The other redeeming feature was the insect gallery. Okay, it had a terrifying giant praying mantis, but also an original display comparing insects to circus freaks, and a garden with live butterflies! The butterfly garden was one of the busiest rooms in the museum this close to closing time, which makes me think that it was other people’s favourite part as well.
To visit the butterflies, you leave your bags and food behind and enter a separate, climate controlled room. Everywhere you look are butterflies. Everywhere you want to put your foot down are butterflies, too, so you have to walk carefully. Along the brief walk, you see a few feeding stations and other information signs.

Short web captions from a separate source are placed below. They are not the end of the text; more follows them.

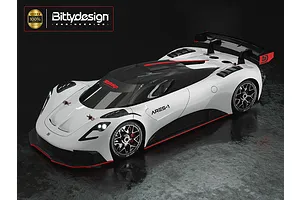 Bittydesign 1/7 ARES-1 Unpainted Body Shell w/ Decals - Clear image 88209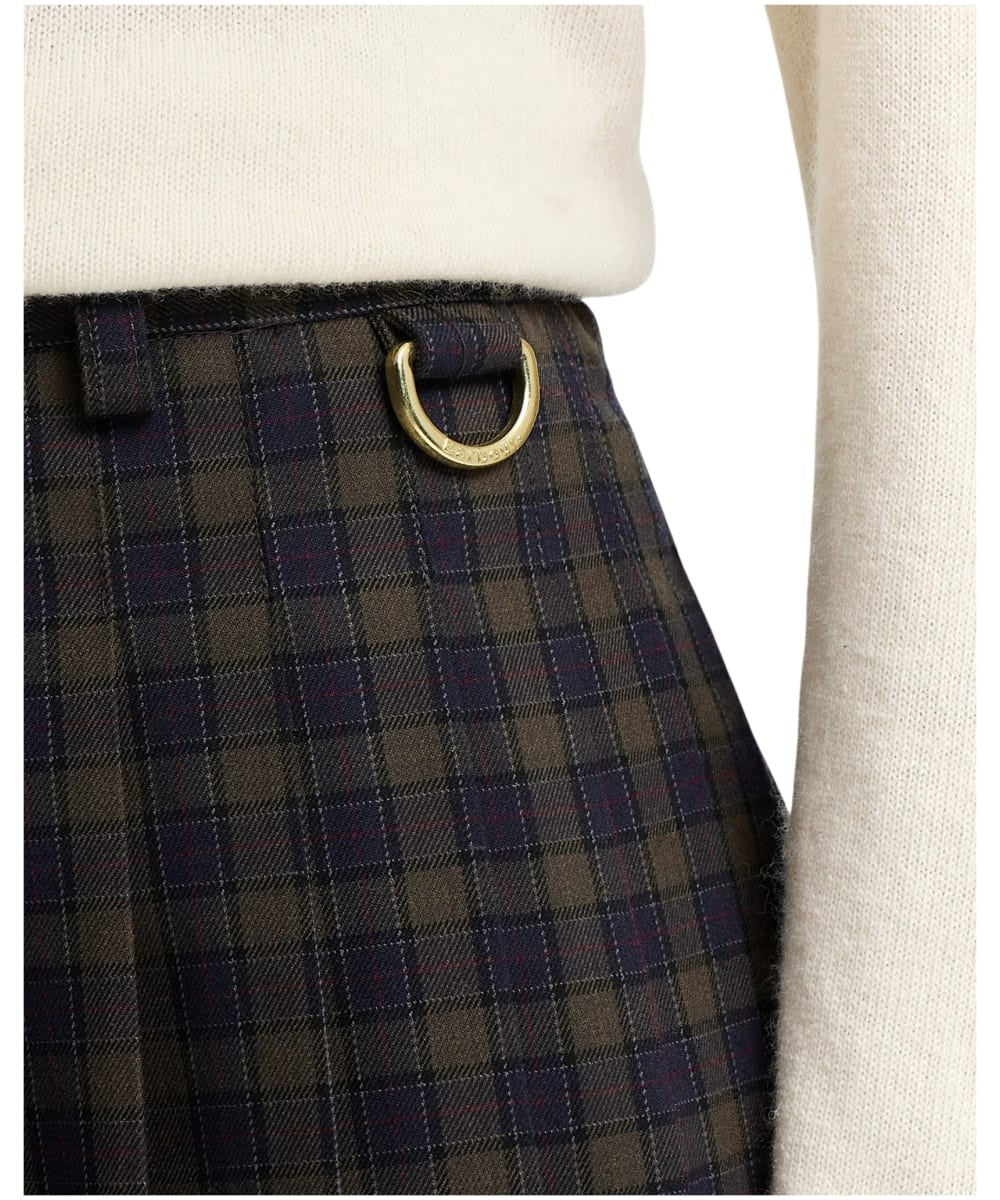 Barbour Carville Mini Skirt In Shadow Classic Tartan LSK0172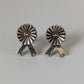 Silver Steed Rosette Stud Earrings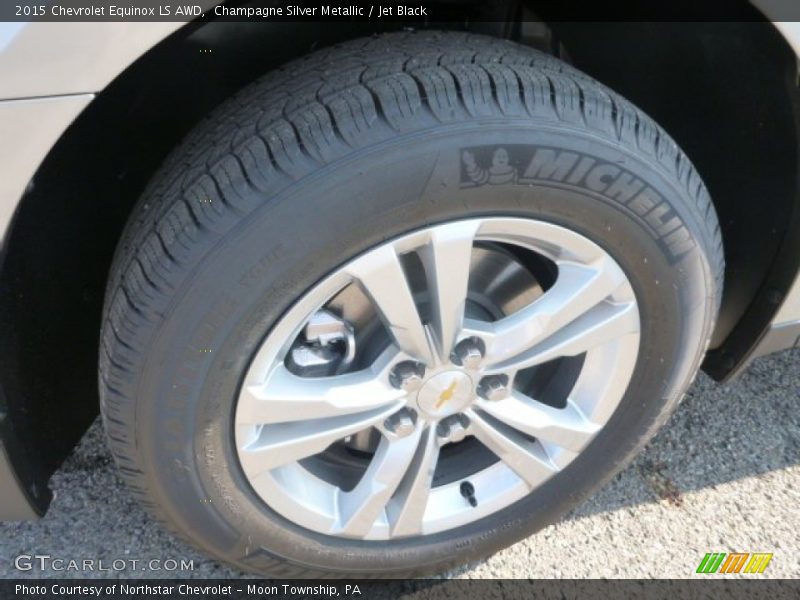 Champagne Silver Metallic / Jet Black 2015 Chevrolet Equinox LS AWD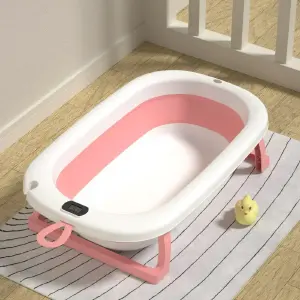 Bañera Tina Plegable Bebé Termometro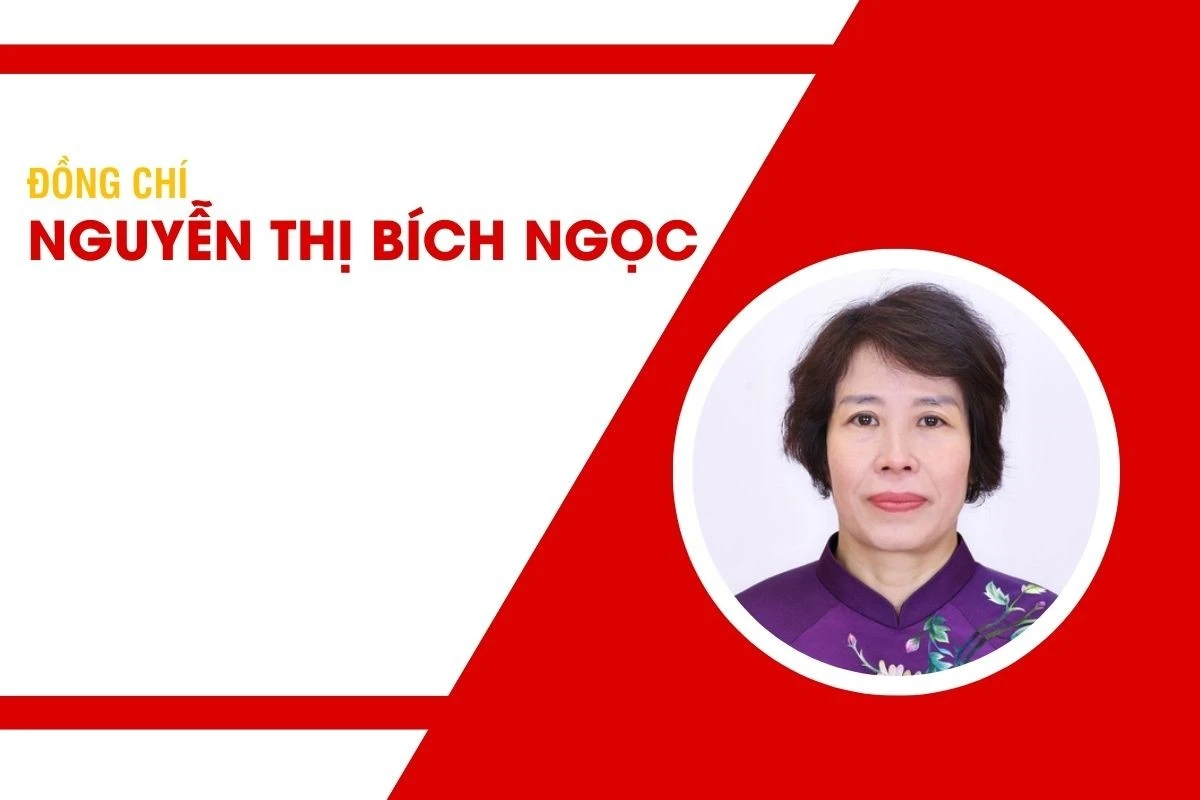 Đồng chí Nguyễn Thị Bích Ngọc, Ủy viên Trung ương Đảng, Phó Bí thư Thường trực Đảng ủy, Thứ trưởng Bộ Tài chính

Even though the butterfly room was a fun way to spend a few minutes, and the water features outside were interesting, I don’t think I’d recommend this museum to time-constrained travellers to Seattle, unless you need to entertain kids (or you want to see the Justin Bieber laser show). It really is quite a generic science museum, aimed at local families and schools, and you can find similar museums elsewhere. It’s a bit unfortunate, because the location – at the base of the Space Needle – definitely attracts a lot of tourists. As a tourist to the region, I would have liked to see a bigger, more in depth emphasis on local geography and nature. There is some of that, including a large whale skeleton, but it could have been more expansive. More whales, less Bieber.